'Marlise's Law' aims to give pregnant women advance directive rights

After being declared brain dead, a pregnant Fort Worth woman was kept alive against her family's wishes because of how her doctor and hospital interpreted Texas law.

A House bill, which would be called Marlise's Law, was just filed. It would allow pregnant women to decide what they want done in advance if something goes wrong during their pregnancy.

The bill doesn't prevent a pregnant woman from receiving medical treatment, but it does allow health care providers to honor her wishes if she creates a written statement to be used in the event that she's unable to communicate with a doctor.

As it stands currently, this is a protection offered to all Texans except pregnant women.

Marlise Munoz was 14 weeks pregnant with her second child when she collapsed due to a blood clot in November 2013.

Her father, Ernest Machado, made rare public comments Thursday morning in Austin, introducing the bill.

"She wasn't someone who you would want to see in a hospital tied to machines," he said.

Marlise's mother, Lynne Machado, said health care providers at JPS Hospital in Fort Worth were forced to keep her alive for 62 days, even though she was legally dead.

"Our daughter's death was one of the most difficult days of our lives," said Lynne. "It became more difficult because politics were involved."

Marlise was finally removed from life support when a judge ordered the hospital to grant the family's wish. 

Her husband, Eric Munoz, said he never wanted to be in the spotlight like this.

"All I wanted was a family, a wife and the ability to provide for them a better future," said Eric.

But since it's happened, he said he's working with the American Civil Liberties Union.

"I'm here today in hopes that by changing this law and putting this new bill, known as Marlise's Bill, in place, families can endure whatever tragic loss as a private manner," he said.
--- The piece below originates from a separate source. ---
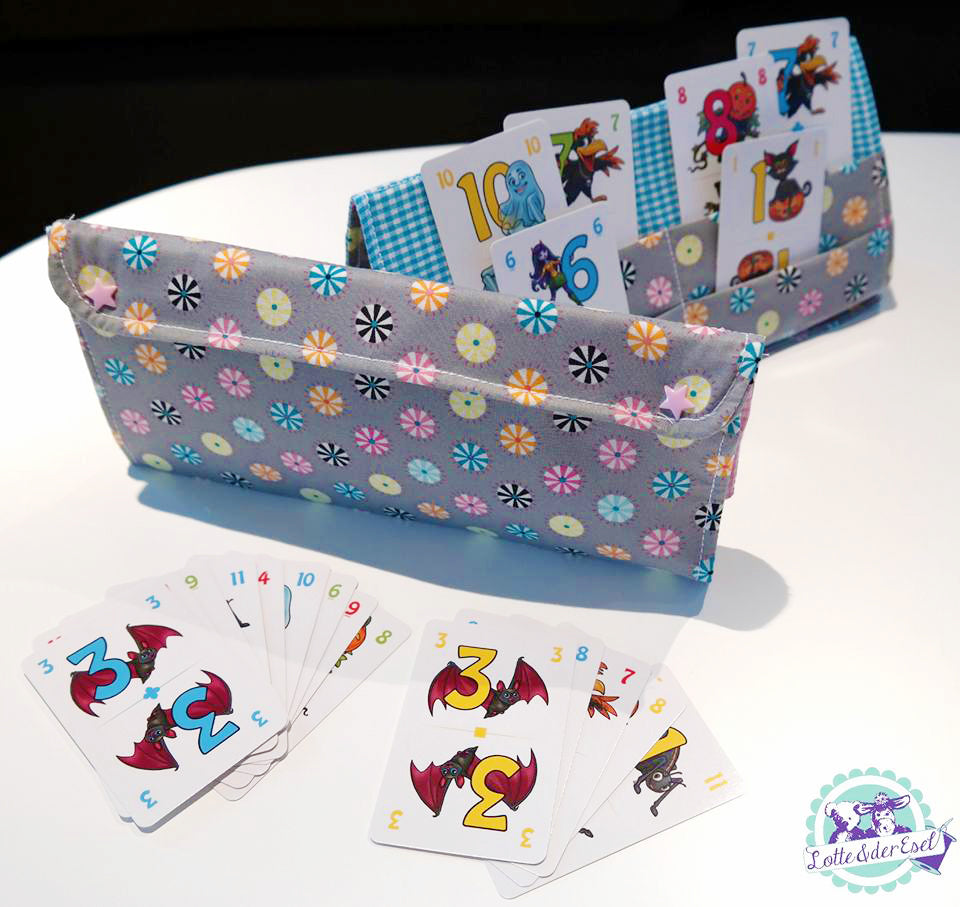 Kartenhalter KiddiCard (Schnittmuster und Nähanleitung)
Lynne said she regrets that she wasn't able to honor her daughter's final wishes.

"We are sure our situation won't be the last, and we want to help in Marlise's honor," said Lynne. "That is why we are here and that is why we are fighting."

Rep. Matt Krause of Fort Worth already filed a bill that has a very different goal. It would require hospitals to maintain life support for pregnant women,  even when they're declared brain dead, and would go so far as to appoint legal representative for the unborn child in court.

That was filed in February and referred to committee Wednesday.